The whole concept that managed code gets the job done quicker or in my opinion the use of one programming language over another is misleading at best. Those working a particular space would be best served by investing their time in a good initial design that conciders the entire product lifecycle for what they are building and finding the necessary common supporting libraries to get the job done effectivly.

The idea that you don’t need to worry about managing resources is fine on some level but it quickly breaks down in any serious application. If you don’t know what I’m talking about its because you havn’t worked on one. Memory is cheap however connections, synchronization objects, threads, transactions, and various OS handles are not. You simply cannot elect not to manage resources and expect a serious application to continue to operate in a sane and reliable manner.

When it comes down to it yes you still have to manage resources on some level regardless of what modern marvel of a programming system you are using and no if handled properly this does not have an appreciable effect on the time it takes to get a particular job done.

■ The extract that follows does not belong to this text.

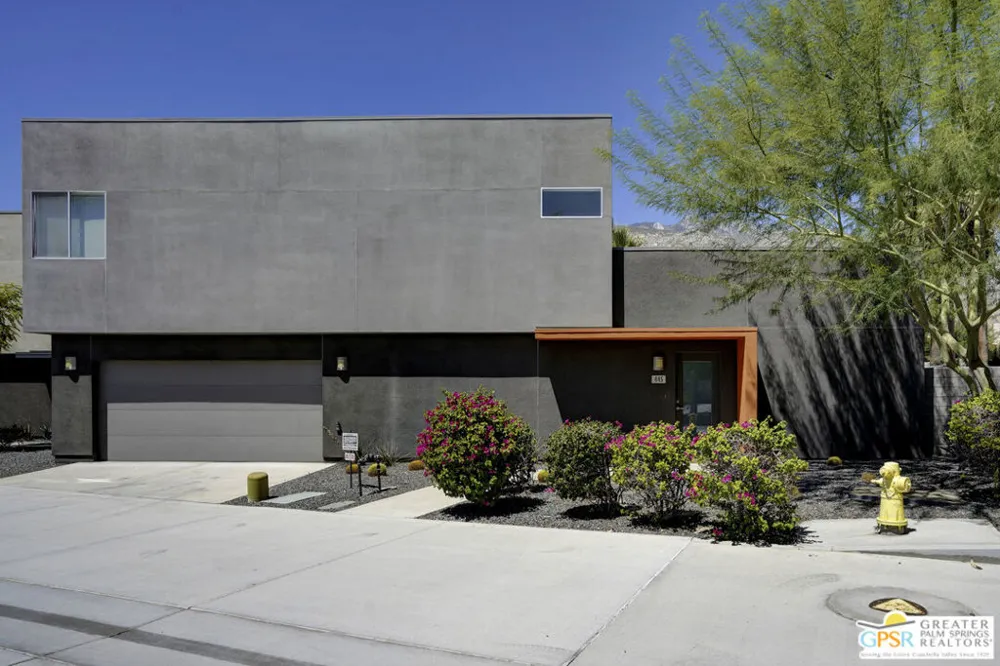 445 Dion Drive Palm Springs, CA 92262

I’ve written entire perl applications that use nothing but automatic variables (None explicitly defined or referenced) in a few minutes that would have taken hours to do in any other language that I’m aware of. Thats well and good but we all know full well that serious medium to large scale applications can’t be written this way.

I happen to be in Mark’s camp. I think .NEt is a step in wrong direction. Microsoft technologies have always been difficult, and in-efficient, and .NET is probably the worst.

By constatnly saying that you need 2GB memory to run the latest and the greatest, you almost make them foget to ask why? Why does the new application has to be 10 times bigger, AND 10 times slower, thereby offsetting the advantage of the improved hardware? Just so that you can have 10 such applications? How many applications do you really need (per task of-course)? One good one or 10 sluggish ones?

Secondly, as far as rapid application development is concerned, even there .NET is a failure. It’s languages are poorly designed, and hence will keep on changing. Somehow we have come to equate that newer versions of languages (CLR 1.0, CLR 2.0, DXD1 - 10) is an acceptable criteria to judge the ‘maturity’ of a product. Well, these are not products. These should be thought out properly to begin with, so that they stay stable and people can use them to develop products. Products, developed by using the tools are what should have versions, with features added and improvements included.

And finally, (sorry this is getting long), the oft-touted rhetoric that you can develop in ANY language is nonsense. But all these languages are really not different. Their is only one underlying language, CLR - and all the .NET languages are really just syntax sugar coating around CLR. They can not offer anything above and beyond what is there in CLR. A far better alternative is to differentiate the languages based on their ‘class’. Machine level (assembly), main programming (C/C++, Fortran), and then scripting (Perl, Python, Ruby), etc. .NEt languages are much more difficult compared to the above mentioned scripting languages, and much less powerful too. And they are too slow for main-programming category as well. A newer alternative to programming is to use a scripting language to design the shell and logic of your application and implement main engine in a main programming language. I know about Python, that it lets you do that and I belive Python (Lua, or Ruby too), + components developed in C/C++ are the way to program CORRECTLY.

Obviously spoken by someone that never developed anything in .NET.

The share fact you say things like it needs 2G to run and that it’s ten times slower tells me you don’t know the first thing about .NET, try looking up “ngen” in the documentation.